PROMPT :: All lines that hold the string "Page" should be copied. Find them in the listing below.

*** AVAILABLE RECORDS Section Begins ***

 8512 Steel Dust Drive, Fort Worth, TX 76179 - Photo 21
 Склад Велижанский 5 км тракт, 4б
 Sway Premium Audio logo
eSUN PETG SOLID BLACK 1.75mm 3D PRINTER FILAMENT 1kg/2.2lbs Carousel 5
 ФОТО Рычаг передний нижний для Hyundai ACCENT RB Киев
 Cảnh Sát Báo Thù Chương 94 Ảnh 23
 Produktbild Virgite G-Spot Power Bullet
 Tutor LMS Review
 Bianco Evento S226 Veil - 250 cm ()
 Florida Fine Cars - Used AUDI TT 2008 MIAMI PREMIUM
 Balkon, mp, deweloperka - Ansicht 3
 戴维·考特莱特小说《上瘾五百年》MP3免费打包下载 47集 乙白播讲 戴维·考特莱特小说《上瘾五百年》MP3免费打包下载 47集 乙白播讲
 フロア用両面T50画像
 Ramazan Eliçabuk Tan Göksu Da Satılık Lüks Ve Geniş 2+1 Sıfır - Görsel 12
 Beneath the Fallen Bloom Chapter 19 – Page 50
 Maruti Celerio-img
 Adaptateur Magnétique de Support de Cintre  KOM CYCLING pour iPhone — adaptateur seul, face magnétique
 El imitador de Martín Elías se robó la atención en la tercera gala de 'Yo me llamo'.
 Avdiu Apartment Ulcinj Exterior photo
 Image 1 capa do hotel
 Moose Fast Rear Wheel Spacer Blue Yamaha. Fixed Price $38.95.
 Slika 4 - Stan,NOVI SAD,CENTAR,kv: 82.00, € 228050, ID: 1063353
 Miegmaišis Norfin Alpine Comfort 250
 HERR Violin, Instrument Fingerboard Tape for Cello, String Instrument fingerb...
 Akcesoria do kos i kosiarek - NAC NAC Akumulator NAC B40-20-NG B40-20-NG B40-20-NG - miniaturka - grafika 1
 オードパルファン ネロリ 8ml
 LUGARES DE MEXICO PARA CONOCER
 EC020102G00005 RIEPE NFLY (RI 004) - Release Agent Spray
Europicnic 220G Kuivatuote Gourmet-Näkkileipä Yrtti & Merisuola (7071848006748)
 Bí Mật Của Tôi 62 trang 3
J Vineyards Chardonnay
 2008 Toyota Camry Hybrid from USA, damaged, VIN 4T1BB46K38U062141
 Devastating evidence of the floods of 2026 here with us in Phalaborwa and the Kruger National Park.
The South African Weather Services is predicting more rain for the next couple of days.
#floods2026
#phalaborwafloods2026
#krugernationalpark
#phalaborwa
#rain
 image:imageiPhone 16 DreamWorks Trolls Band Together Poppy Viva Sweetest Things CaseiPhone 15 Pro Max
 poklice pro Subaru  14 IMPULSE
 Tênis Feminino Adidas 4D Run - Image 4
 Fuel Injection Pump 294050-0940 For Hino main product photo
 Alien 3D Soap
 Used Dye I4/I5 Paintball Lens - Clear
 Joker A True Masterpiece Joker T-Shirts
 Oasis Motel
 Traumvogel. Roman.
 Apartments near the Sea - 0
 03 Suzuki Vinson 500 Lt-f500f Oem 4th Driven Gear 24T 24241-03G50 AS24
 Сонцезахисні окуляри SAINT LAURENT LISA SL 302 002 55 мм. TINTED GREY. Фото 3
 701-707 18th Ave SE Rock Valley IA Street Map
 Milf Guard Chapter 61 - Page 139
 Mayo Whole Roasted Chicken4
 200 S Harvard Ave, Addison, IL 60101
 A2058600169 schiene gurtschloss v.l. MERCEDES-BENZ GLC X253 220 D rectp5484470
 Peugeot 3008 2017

*** AVAILABLE RECORDS Section Ends ***

THE ANSWER ::
 Beneath the Fallen Bloom Chapter 19 – Page 50
 Milf Guard Chapter 61 - Page 139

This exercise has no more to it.